Certaines mesures fiscales clés proposées dans le budget 2022 visent les sociétés privées canadiennes. Si elles étaient promulguées, ces nouvelles mesures i) permettraient à davantage de sociétés privées sous contrôle canadien (SPCC) de taille moyenne de bénéficier de la déduction accordée aux petites entreprises, ii) modifieraient les dispositions nouvellement promulguées en vue de faciliter les transferts d’entreprise intergénérationnels tout en protégeant l’intégrité du système fiscal et iii) prévoiraient de nouvelles règles conçues pour prévenir la manipulation du statut de SPCC ou l’utilisation d’une société étrangère affiliée contrôlée d’une manière qui contournerait les régimes anti-report et d’intégration applicables au revenu passif des SPCC.

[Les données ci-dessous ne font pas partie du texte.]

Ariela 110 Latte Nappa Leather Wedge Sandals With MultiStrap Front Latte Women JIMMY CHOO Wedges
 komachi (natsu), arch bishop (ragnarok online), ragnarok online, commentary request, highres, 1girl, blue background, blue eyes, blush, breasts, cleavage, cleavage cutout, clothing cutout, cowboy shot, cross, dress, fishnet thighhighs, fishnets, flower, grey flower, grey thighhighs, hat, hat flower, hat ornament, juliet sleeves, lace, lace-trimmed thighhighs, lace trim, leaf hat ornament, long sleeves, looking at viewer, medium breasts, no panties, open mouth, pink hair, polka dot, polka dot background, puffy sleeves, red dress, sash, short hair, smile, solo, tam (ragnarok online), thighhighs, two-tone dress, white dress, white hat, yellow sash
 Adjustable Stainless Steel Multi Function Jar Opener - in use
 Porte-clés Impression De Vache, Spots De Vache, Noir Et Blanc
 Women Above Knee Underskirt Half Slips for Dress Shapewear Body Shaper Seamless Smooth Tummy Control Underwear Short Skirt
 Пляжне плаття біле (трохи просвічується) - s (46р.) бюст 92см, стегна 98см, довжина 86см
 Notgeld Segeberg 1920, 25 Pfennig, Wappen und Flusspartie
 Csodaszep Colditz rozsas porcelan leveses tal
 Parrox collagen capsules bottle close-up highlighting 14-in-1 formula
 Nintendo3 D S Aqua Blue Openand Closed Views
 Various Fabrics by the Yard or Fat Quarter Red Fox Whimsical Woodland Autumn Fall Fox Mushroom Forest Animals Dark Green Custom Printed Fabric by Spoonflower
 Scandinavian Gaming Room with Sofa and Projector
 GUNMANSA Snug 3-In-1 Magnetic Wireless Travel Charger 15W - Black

Vous trouverez ci-dessous un sommaire de ces nouvelles mesures.


Déduction accordée aux petites entreprises

La déduction accordée aux petites entreprises permet aux SPCC de faire passer leur taux d’imposition fédéral des sociétés de 15 % à 9 % à l’égard de la première tranche de 500 000 $ de leur revenu provenant d’une entreprise exploitée activement (plafond des affaires). Le plafond des affaires est toutefois assujetti à une réduction progressive sur une base linéaire si i) le capital imposable utilisé au Canada de la SPCC et de toute société associée se situe entre 10 et 15 millions de dollars (réduction du capital imposable) et si ii) le revenu de placement total rajusté de la SPCC et de toute société associée se situe entre 50 000 $ et 150 000 $ (réduction du revenu de placement). La réduction du plafond des affaires équivaut généralement au montant le plus élevé entre la réduction du capital imposable et la réduction du revenu de placement.

Le budget 2022 propose de porter la limite supérieure de réduction du capital imposable de 15 millions de dollars à 50 millions de dollars, ce qui permettrait ainsi à davantage de SPCC de taille moyenne de bénéficier de la déduction accordée aux petites entreprises. Cette nouvelle mesure n’affectera cependant pas les fourchettes applicables à la réduction du revenu de placement. En conséquence, les SPCC et les sociétés associées ayant un revenu de placement total dépassant 150 000 $ seraient incapables de réclamer la déduction accordée aux petites entreprises.

Si elle était promulguée, cette mesure s’appliquerait aux années d’imposition qui commencent à compter du 7 avril 2022.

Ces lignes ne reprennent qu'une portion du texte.